Garda officers say McCabe tribunal will give the force a chance to air its account of events

Garda Commissioner Nóirín O’Sullivan has told a Policing Authority hearing that the forthcoming tribunal of inquiry would ‘deal in facts, not sides’. Photograph: Dara Mac Donaill

Garda Commissioner Nóirín O’Sullivan has told a Policing Authority hearing that the forthcoming tribunal of inquiry would ‘deal in facts, not sides’. Photograph: Dara Mac Donaill

 

The tribunal of inquiry into the Garda whistleblower controversy will give the force a chance to air its account of events and end the frustration of not being able to comment, some of its most senior officers have said.
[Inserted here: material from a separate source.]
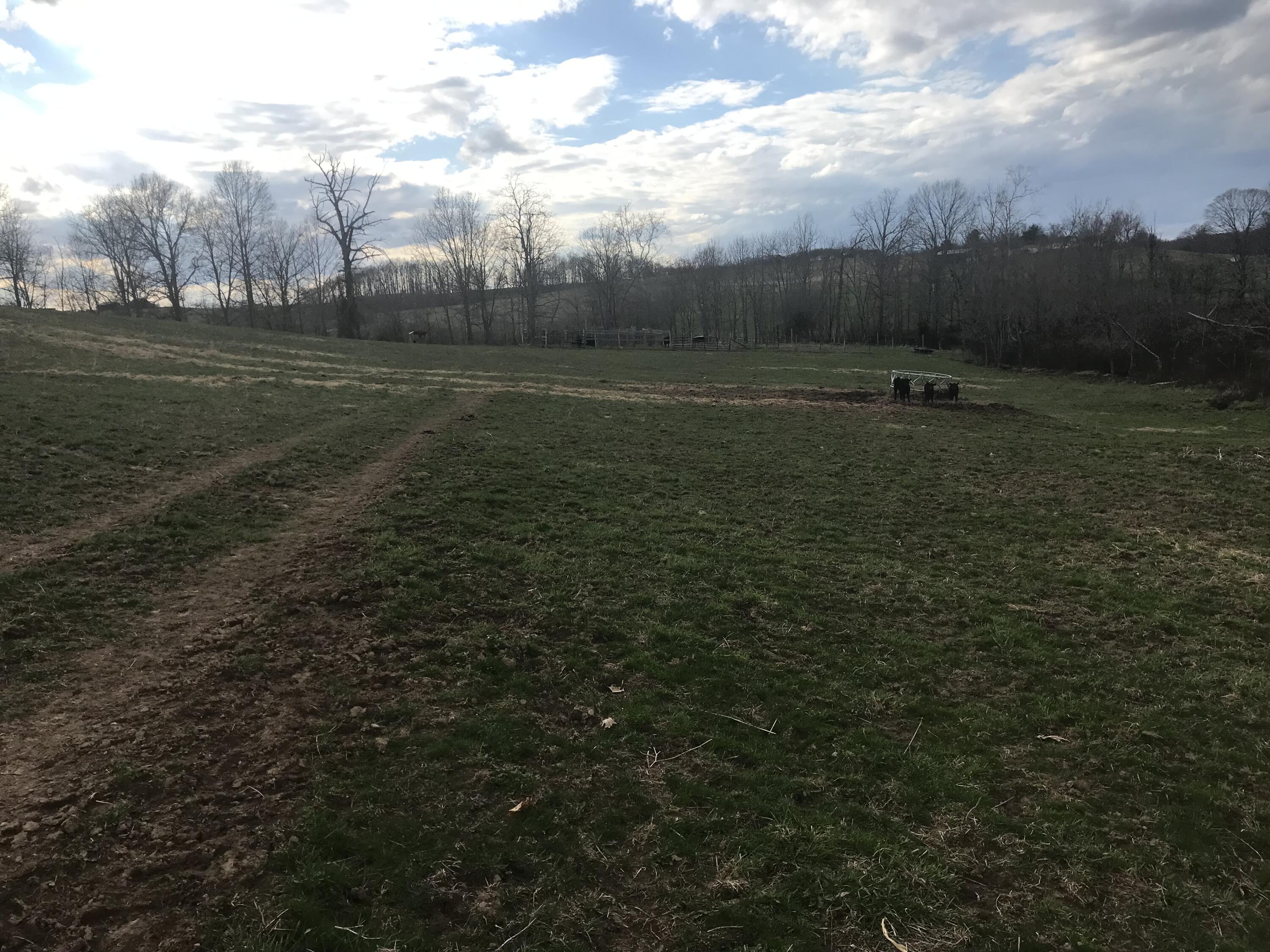 0 Quail Road Brodhead, KY 40409 - Photo 5 of 12 IMG-5972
In a sign that the Garda sees the creation of a public inquiry as of real value to it, Garda Commissioner Nóirín O’Sullivan told a public hearing of the Policing Authority that the inquiry would “deal in facts, not sides”.

The Policing Authority is an independent body which oversees the work of the Garda.

The Charleton tribunal will examine whether there was a smear campaign against Garda whistleblower Sgt Maurice McCabe.

Assistant Commissioner Eugene Corcoran said much of the commentary to date had emerged in an environment where the Garda was “totally restricted” in how it might respond.

He said the tribunal would improve that situation as well as boosting confidence and morale.

Assistant Commissioner John O’Driscoll said there was “a frustration that there was another view of events that has not been aired yet”.

There are “two sides to any story”, he said.

‘Dent in confidence’

There was “great reassurance” among Garda personnel that the inquiry was public and there would be a chance to provide information, he said.

“And bearing in mind, they know this information but they just cannot impart their knowledge of particular events without having a forum such as the public inquiry.

“So I believe that as time progresses and as the inquiry is taking place . . . any dent in confidence will be restored.

“It’s a bit like listening to the defence side of a criminal trial and walking out and having a vote on whether you believe the person is guilty or not without ever listening to the other side of the equation.

“And you will always get a certain view of events in those circumstances.

“So I think people are very much reassured that all the information will come out and will be dealt with in what everyone seems to be believe will be a fair manner by the honourable Judge [Peter] Charleton.”

One of the members of the authority, Maureen Lynot, urged the senior management team to “be careful not to go into group-think”.